→ PROVIDED INFORMATION

================

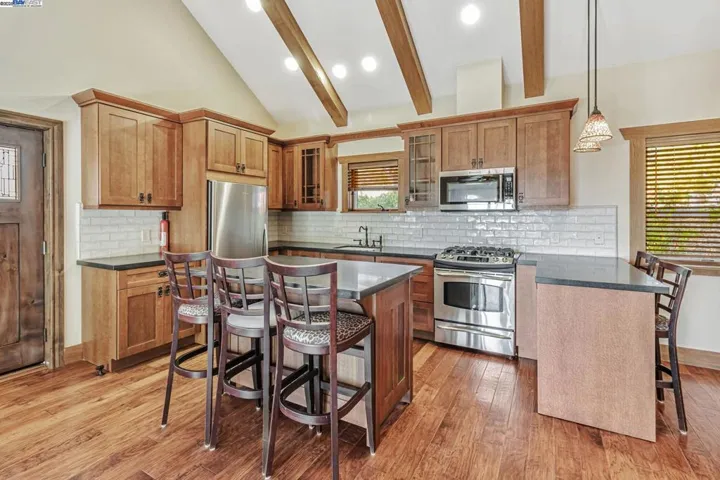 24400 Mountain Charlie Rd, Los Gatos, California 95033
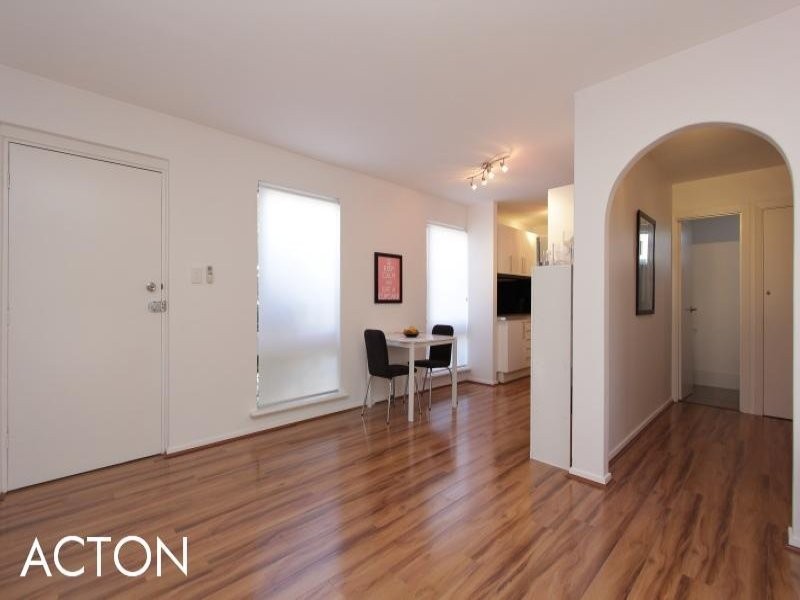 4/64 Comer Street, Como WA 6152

================

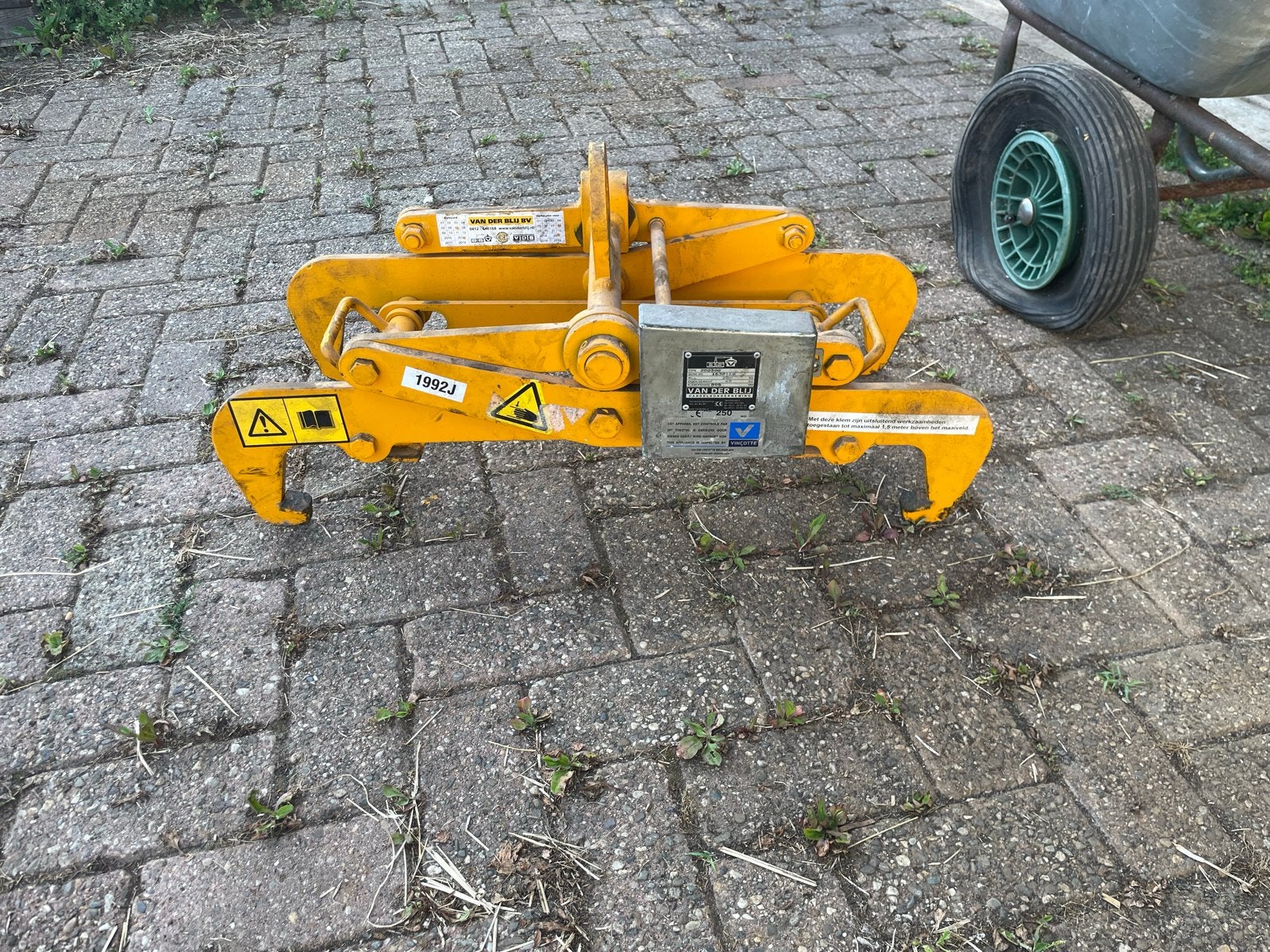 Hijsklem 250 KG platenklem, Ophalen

================

→ REQUIRED WORK
Would you please reproduce the entries above, starting at the line with "24400 Mountain Charlie" and stopping after the line with "4/64 Comer Street, Como WA 6152"? Omit any pictures.

→ YOUR RESPONSE
 24400 Mountain Charlie Rd, Los Gatos, California 95033
 4/64 Comer Street, Como WA 6152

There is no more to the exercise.